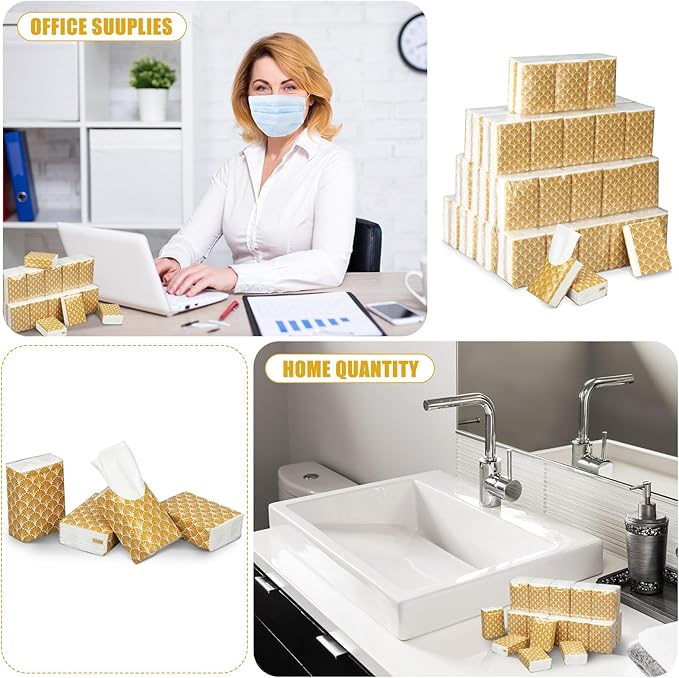 50 Pack Vintage Pocket Tissues Travel Packs Bulk 500 Sheet Small Tissues Pocket Packs Party Favors 3 Ply Mini Travel Size Individual for Allergy Camping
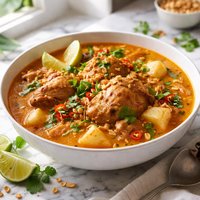 African Style Chicken Peanut Soup with Potatoes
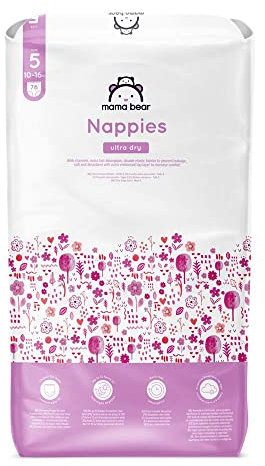 Amazon-Marke: Mama Bear - 76 Ultra-Dry Windeln - Größe 5 (10-16 kg) - 1 Pack x 76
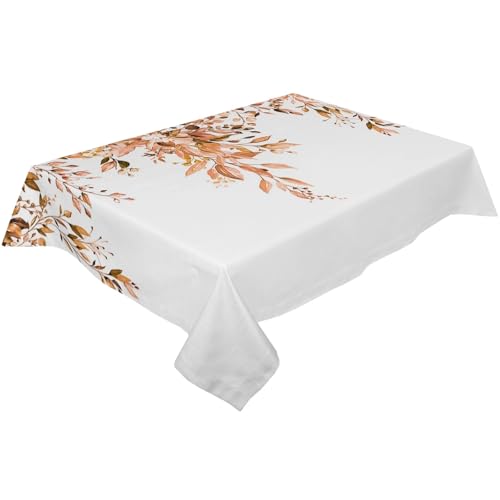 BINFC Tischdecke Aquarell-grüne Blätter, wasserdichte Tischdecke, Hochzeit, Party, rechteckige Tischdecke, Urlaubsdekoration, Tischdecke Tischwäsche(Orange,137x137cm Tablecloth) von BINFC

TASK ITEM: Your task is to reproduce exactly the lines from the start of the data above through the line containing "Amazon-Marke: Mama Bear", leaving every picture out.

EXERCISE RESULT:
 50 Pack Vintage Pocket Tissues Travel Packs Bulk 500 Sheet Small Tissues Pocket Packs Party Favors 3 Ply Mini Travel Size Individual for Allergy Camping
 African Style Chicken Peanut Soup with Potatoes
 Amazon-Marke: Mama Bear - 76 Ultra-Dry Windeln - Größe 5 (10-16 kg) - 1 Pack x 76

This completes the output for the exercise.